Transducer mounting looks great I’ll look forward to the results of the Tahoe tests. In the meantime I have been playing around with NTP and PTP to see if I can get clocks to synchronize across a network. I purchased a GPSDO from China that has both PPS 3.3 V square wave and 10 MHz sine wave outputs and interfaced it to an Arduino Micro and two Raspberry Pis. The 10 MHz output is divided by 2 in a D flip flop to have a 5 MHz clock for timing purposes and fed into pin 12 of the Arduino. Maximum external clock for the Arduino is 6.4 MHz (16/2.5 MHz) and the PPS signal is fed into Pin 4 (ICP input). The 10 MHz output is spot on at 5,000,000 counts/sec and varies by at most +/-1 count when the GPS is locked and TXCO is at temperature. That should work out to 5,000,000 x 100 /1500 = 333,333 counts for the 67 mS needed for sound to travel 100 meters. For NTP/PTP tests the GPS can be interfaced to the Raspberry Pis several different ways, either directly using the NMEA driver, or via the GPSD, which in turn passes the data to NTP using a SHM driver. In addition a separate driver is used for the PPS signal. On the master clock side I am running NMEA driver attached via USB to the Arduino so I only send the RMC sentence with the PPS driver and the PPS attached to a GPIO pin. The master runs NTPD and PTPD but the system clock is set by NTP (-t option on PTPD). On the client side the other system has NTP disabled and only PTPD is running and logs the difference between the master and slave clocks. Attached is a picture of the setup and the histogram of the differences between the clocks after running PTPD for about 6 hours. The attached results were a little disappointing, but I haven’t been about to see how much of the variance is due to the master clock drift. With expensive hardware clocks it is possible to get sub-micro second agreement, so more tweaking is definitely needed. These are just first look results but agreement to less than two microseconds on average isn’t bad (median -0.536) however the standard deviation of +/- 88 uS is probably too high so more work is needed. I assume it will be pretty easy to set up PTPD on the beagle bone if this approach is useful.
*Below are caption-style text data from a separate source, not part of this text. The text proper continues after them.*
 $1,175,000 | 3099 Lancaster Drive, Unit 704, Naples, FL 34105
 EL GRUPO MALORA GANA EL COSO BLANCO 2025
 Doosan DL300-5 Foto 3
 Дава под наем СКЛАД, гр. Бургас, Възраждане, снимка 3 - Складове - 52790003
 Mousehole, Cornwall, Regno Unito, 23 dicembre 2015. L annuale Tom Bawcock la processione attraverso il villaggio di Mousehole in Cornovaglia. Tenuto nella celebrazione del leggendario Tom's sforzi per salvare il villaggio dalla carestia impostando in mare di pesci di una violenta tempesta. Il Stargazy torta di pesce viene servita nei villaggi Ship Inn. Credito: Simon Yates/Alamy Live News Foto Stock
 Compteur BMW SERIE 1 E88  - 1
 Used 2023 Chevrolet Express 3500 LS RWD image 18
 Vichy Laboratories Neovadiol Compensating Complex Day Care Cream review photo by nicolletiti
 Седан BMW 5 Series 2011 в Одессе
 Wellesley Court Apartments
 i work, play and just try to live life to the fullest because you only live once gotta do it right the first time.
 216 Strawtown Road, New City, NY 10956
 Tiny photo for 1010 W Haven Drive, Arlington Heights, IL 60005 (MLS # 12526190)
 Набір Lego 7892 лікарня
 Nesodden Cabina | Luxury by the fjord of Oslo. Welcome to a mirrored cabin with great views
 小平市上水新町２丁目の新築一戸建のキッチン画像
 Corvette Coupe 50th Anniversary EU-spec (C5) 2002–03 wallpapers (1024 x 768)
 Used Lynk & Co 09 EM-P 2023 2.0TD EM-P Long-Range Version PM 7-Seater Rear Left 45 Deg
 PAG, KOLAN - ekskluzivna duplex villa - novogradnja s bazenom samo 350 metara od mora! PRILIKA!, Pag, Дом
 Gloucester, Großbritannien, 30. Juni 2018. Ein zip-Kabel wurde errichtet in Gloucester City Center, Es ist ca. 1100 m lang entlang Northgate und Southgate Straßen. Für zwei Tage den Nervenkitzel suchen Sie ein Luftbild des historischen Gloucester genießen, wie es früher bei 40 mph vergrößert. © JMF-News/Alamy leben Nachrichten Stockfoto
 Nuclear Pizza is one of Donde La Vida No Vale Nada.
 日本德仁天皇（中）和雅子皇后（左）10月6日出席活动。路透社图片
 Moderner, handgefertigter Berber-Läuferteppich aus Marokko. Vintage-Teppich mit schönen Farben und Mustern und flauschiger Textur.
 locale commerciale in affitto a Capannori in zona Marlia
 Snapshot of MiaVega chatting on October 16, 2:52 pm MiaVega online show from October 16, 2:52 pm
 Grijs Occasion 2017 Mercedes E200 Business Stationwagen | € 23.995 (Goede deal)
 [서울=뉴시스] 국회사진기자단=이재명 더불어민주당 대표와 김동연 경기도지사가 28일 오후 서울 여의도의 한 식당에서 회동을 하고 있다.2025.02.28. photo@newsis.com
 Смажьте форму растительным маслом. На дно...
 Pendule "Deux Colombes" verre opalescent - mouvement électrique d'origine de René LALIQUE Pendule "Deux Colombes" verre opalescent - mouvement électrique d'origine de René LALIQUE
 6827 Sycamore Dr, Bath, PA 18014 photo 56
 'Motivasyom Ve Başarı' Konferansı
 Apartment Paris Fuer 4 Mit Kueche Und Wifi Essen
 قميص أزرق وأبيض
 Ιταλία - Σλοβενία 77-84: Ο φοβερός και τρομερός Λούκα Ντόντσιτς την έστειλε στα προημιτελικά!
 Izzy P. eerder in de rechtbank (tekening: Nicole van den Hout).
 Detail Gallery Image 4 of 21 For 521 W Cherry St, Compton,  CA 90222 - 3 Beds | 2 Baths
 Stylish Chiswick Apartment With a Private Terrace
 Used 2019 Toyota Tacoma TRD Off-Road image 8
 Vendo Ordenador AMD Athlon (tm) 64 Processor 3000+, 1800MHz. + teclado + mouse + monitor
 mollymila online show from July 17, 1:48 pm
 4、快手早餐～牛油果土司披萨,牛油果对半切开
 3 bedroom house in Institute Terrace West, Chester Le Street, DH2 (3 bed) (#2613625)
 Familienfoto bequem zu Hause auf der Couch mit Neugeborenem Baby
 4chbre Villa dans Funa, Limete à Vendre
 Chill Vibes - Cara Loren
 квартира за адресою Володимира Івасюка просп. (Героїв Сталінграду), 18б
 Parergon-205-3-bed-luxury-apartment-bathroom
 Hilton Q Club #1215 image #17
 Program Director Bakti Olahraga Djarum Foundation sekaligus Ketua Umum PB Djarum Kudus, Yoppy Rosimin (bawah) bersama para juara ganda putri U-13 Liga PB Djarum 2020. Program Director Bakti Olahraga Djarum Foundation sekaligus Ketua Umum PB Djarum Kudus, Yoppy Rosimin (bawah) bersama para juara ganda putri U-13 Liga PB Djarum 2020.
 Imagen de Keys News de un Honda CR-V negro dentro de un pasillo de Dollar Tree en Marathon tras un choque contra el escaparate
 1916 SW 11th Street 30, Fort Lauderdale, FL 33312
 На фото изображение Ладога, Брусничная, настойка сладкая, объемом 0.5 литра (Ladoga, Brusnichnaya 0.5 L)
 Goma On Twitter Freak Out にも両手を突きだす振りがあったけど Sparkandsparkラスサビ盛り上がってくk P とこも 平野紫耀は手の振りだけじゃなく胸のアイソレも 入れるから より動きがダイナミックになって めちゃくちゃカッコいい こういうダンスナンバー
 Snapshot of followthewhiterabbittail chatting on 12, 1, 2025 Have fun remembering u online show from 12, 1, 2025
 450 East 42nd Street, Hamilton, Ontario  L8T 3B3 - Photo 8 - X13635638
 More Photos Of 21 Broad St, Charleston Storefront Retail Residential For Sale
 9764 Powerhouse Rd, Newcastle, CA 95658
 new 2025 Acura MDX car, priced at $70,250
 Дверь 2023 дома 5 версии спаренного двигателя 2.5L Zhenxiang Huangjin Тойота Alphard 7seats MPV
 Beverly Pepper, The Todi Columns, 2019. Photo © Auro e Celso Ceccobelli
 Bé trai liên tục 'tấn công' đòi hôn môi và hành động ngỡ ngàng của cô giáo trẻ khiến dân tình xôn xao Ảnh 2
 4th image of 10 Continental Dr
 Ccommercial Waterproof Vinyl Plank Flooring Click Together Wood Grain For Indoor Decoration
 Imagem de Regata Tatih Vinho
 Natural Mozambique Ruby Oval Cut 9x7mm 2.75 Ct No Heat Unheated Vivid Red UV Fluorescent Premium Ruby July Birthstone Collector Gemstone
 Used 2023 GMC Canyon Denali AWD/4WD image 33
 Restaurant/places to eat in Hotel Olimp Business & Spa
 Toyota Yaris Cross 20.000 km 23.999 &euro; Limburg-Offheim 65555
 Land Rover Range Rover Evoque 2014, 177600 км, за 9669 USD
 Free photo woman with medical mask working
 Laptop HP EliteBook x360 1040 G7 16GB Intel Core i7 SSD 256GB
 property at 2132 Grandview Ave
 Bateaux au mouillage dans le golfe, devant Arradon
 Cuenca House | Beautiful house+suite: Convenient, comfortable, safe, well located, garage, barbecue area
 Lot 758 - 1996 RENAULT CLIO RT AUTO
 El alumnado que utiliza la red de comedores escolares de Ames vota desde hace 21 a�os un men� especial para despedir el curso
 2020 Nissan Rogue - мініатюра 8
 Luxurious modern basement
I’ll also try and develop a simple front end for the timing board and see if I can measure some acoustic pulse durations with the Arduino using the new transducers you made, and do a follow up post with how to set up the Pis and the Arduino code.


ptpd0509.pdf (39.2 KB)


Hi Bob

First off congratulations :thumbsup: on your progress it’s great to see what you and @Jim_Trezzo are doing

Just reading between the lines of your post and dumbing it down to what I can understand
you mentioned

So in “theory” this would represent 1 count per 0.3 mm so depending upon how “clean” you pick up the flip flop interface (my guess the main issues will be in the acoustics for how clean this is) this would give (round figures) at even ± 100 counts a ± inch accuracy in this part of the system

You also mention

So after 6 hours of operation the “drift” between the 2 systems was “less than two microseconds” thus for the 100m range 2/67 mS or over the 6 hours the drift was equivalent to about 3 meters

Mate if you can do anywhere near this I would be more than happy

Again thanks for the work you and Jim are doing (I just wish I had the skill to give you both a hand)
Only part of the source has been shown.